Top of ENTRIES SUPPLIED

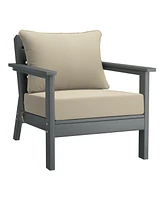 WestinTrends Outdoor Modern Hdpe Patio Club Chairs with Deep Seat Cushions (Set of 2
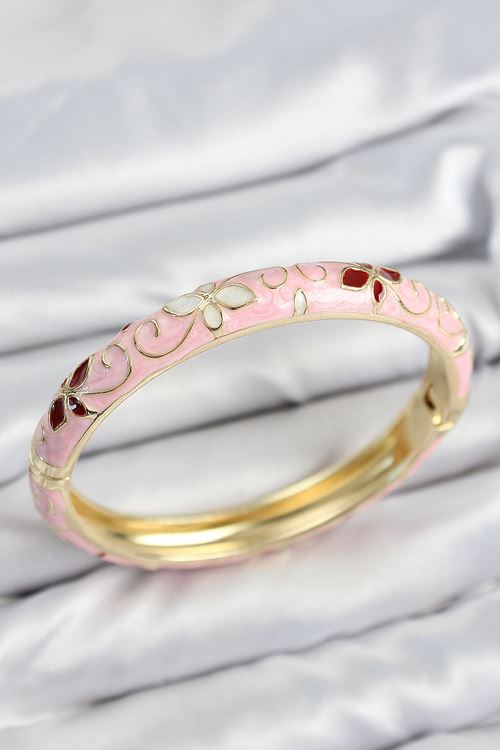 YRTCL Mineli Pirinç Pembe Çiçek Motifli Gold Kadın Kelepçe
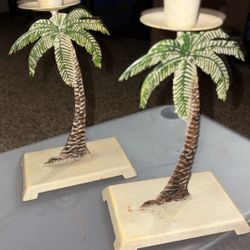 Palm Tree Candle Holder Decor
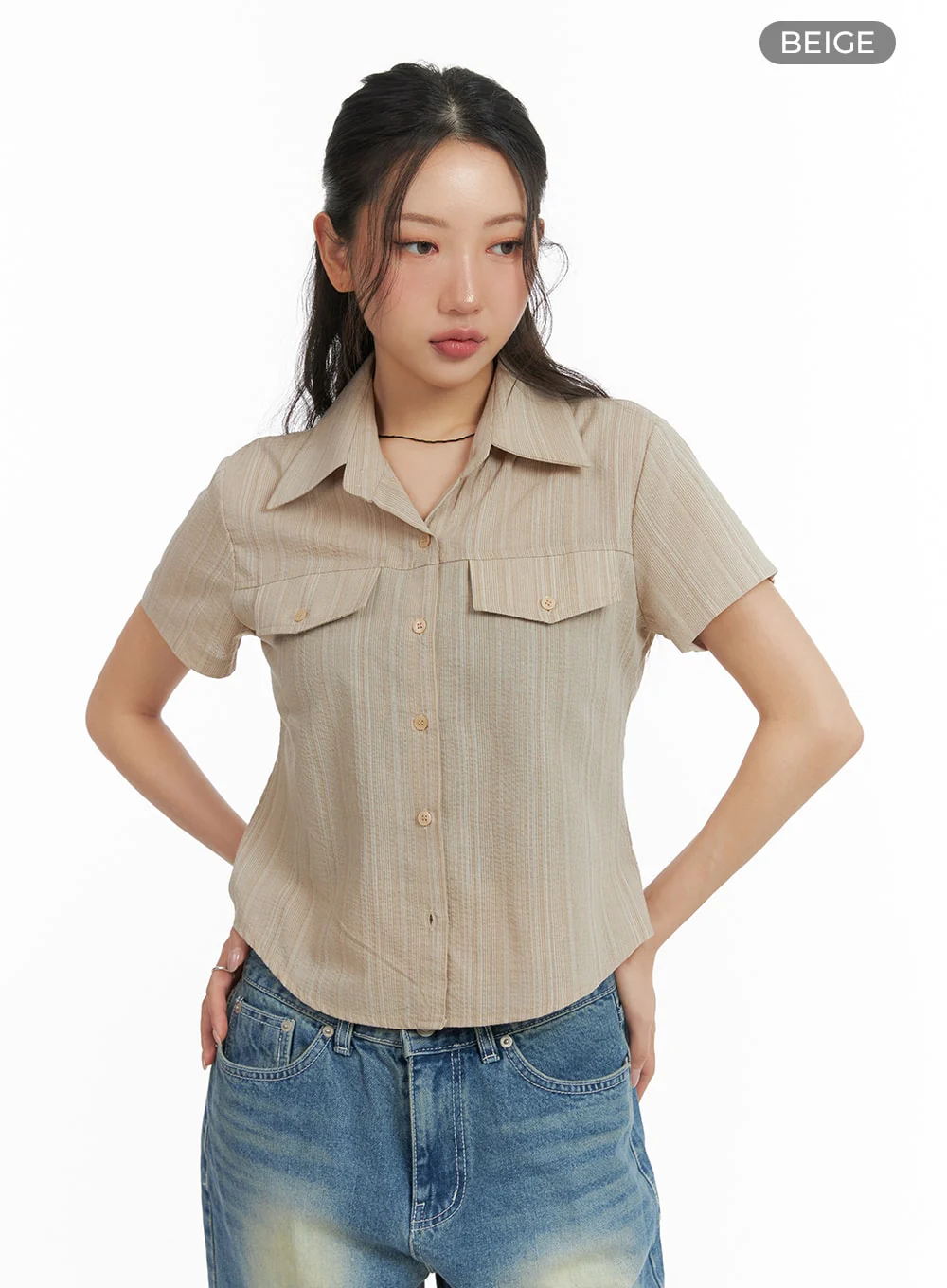 Striped Button-Up Short Sleeve CM425 - Image 7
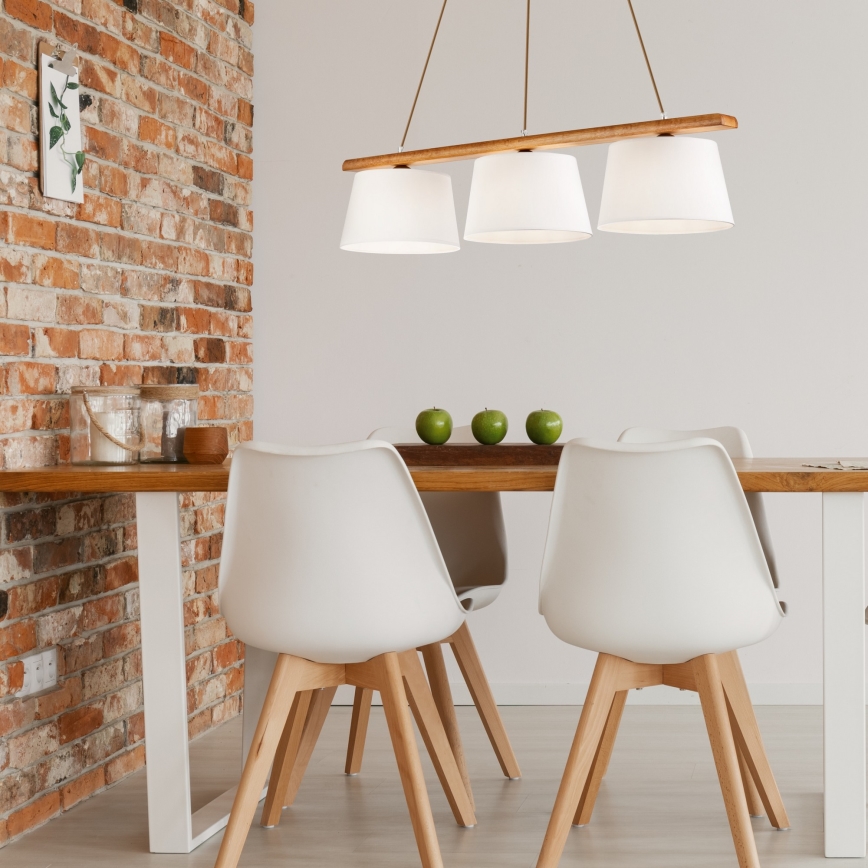 Candelabro suspenso AIDA 3xE27/60W/230V carvalho - FSC certificado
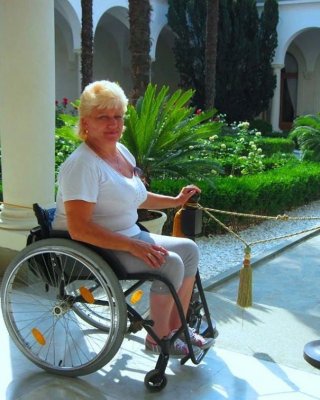 russian Polio Lady In Her Wheel Chair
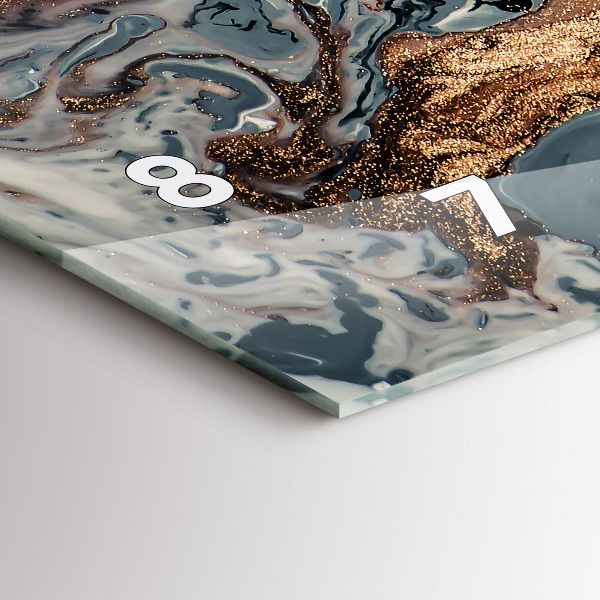 Horizontální skleněné hodiny na stěnu Mramorové umění abstraktní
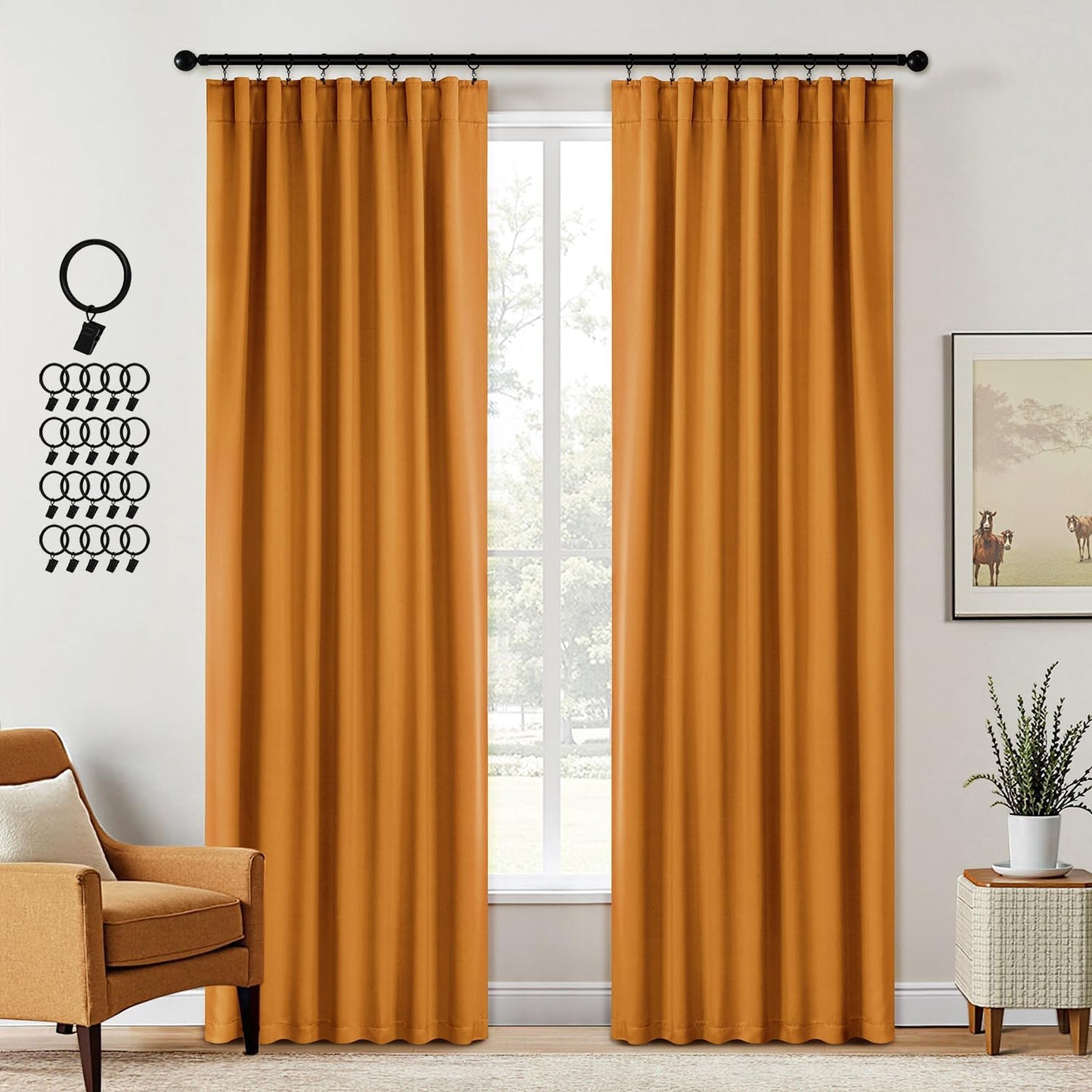 ANRODUO Back Tab Blackout Curtains for Bedroom Living Room, Rod Pocket Pinch Pleated Thermal Insulated Room Darkening Curtains 90 Inches Long 2 Panels, Mustard Yellow, 42 x 90 Inch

Bottom of ENTRIES SUPPLIED

Copy all of the records verbatim, omitting the pictures.

TASK SOLUTION |
 WestinTrends Outdoor Modern Hdpe Patio Club Chairs with Deep Seat Cushions (Set of 2
 YRTCL Mineli Pirinç Pembe Çiçek Motifli Gold Kadın Kelepçe
 Palm Tree Candle Holder Decor
 Striped Button-Up Short Sleeve CM425 - Image 7
 Candelabro suspenso AIDA 3xE27/60W/230V carvalho - FSC certificado
 russian Polio Lady In Her Wheel Chair
 Horizontální skleněné hodiny na stěnu Mramorové umění abstraktní
 ANRODUO Back Tab Blackout Curtains for Bedroom Living Room, Rod Pocket Pinch Pleated Thermal Insulated Room Darkening Curtains 90 Inches Long 2 Panels, Mustard Yellow, 42 x 90 Inch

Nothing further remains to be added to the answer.